### PROVIDED DATA
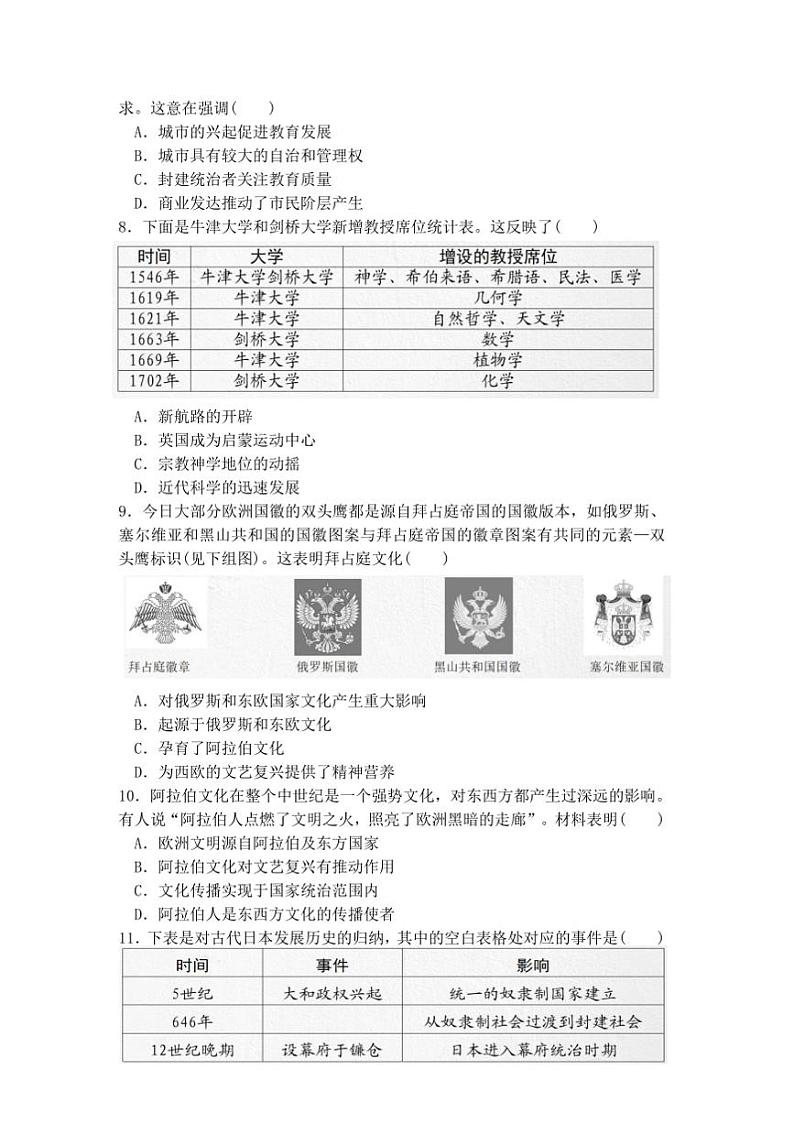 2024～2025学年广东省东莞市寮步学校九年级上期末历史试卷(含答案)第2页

* * *

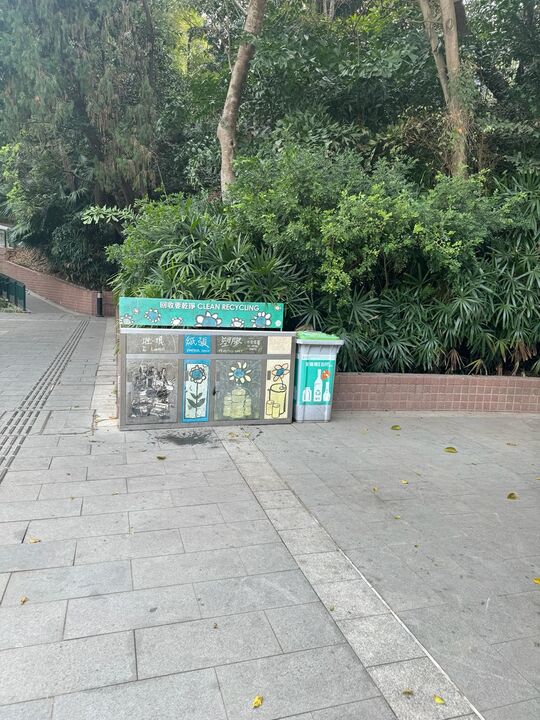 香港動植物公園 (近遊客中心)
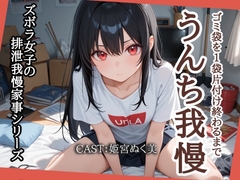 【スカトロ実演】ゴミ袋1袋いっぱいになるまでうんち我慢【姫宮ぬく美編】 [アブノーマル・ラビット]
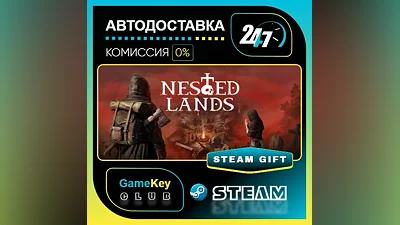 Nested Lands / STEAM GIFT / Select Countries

### ABOUT THIS EXERCISE
Using the data above, set down each line from the line with "香港動植物公園 (近遊客中心)" to the line with "Nested Lands / STEAM GIFT / Select Countries" exactly, both ends included, and leave the pictures behind. Nothing else belongs.

### RESULT OF THE EXERCISE
 香港動植物公園 (近遊客中心)
 【スカトロ実演】ゴミ袋1袋いっぱいになるまでうんち我慢【姫宮ぬく美編】 [アブノーマル・ラビット]
 Nested Lands / STEAM GIFT / Select Countries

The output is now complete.